DRBD: Redundant NFS Storage on CentOS 6
A pair of CentOS NFS servers can be a great way to build an inexpensive, reliable, redundant fileserver. Here we are going to use DRBD
to replicate the data between NFS nodes and Heartbeat
to provide high availability to the cluster. Here we will use a RackSpace Cloud Server with attached Cloud Block Storage.
Make sure that your DNS resolves correctly for each server’s hostname, and to really make sure put an entry in /etc/hosts
. We’ll pretend to use fileserver-1
as the primary and fileserver-2
as the backup and share the /dev/xvdb1
device under the DRBD resource name “data”. It will eventually be available to the filesystem as /dev/drbd1
.
10.0.0.1 fileserver-1 fileserver-1.example.com 10.0.0.2 fileserver-2 fileserver-2.example.com
Install EL Repository
If you don’t already have the EL repository for yum
installed install it using rpm
:
rpm -ivh http://elrepo.org/elrepo-release-6-5.el6.elrepo.noarch.rpm
Install & Configure DRBD
Now install and load the DRBD and its Utils using yum
.
yum install -y kmod-drbd84 drbd84-utils modprobe drbd
Next we need to create a new DRBD resource file by editing /etc/drbd.d/data.res
. Make sure to use the correct IP address and devices for your server nodes.

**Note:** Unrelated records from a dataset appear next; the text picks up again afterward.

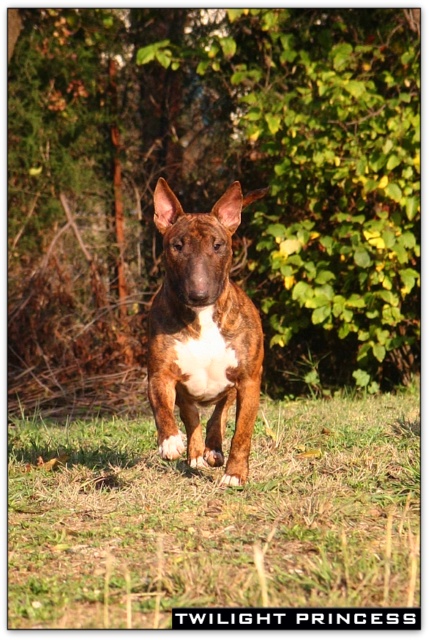bullterrier bullimpact aricon eye decline 14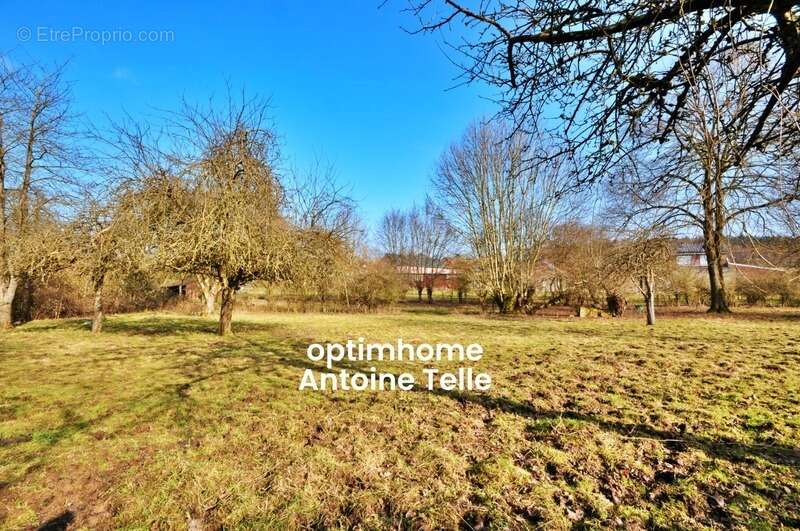 Terrain à POMMEREUIL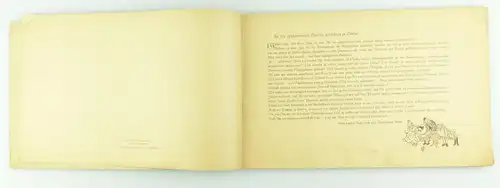 E10970 Die 5 Schreckensteiner ihre Streiche und Abenteuer altes Buch von Barlog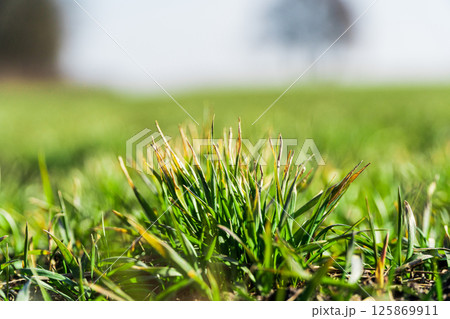 Close up of green winter wheat sprouts, spring agriculture. Selective focus 125869911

resource data { startup { wfc-timeout 30; outdated-wfc-timeout 20; degr-wfc-timeout 30; } net { protocol C; cram-hmac-alg sha1; shared-secret "Secret Password for DRBD"; } disk { resync-rate 100M; } syncer { rate 100M; verify-alg sha1; } on fileserver-1 { volume 0 { device minor 1; disk /dev/xvdb1; meta-disk internal; } address 10.0.0.1:7789; } on fileserver-2 { volume 0 { device minor 1; disk /dev/xvdb1; meta-disk internal; } address 10.0.0.2:7789; } }
Run the following commands on each server to initialize the storage medadata, start the DRBD service, and bring up the “data” resource.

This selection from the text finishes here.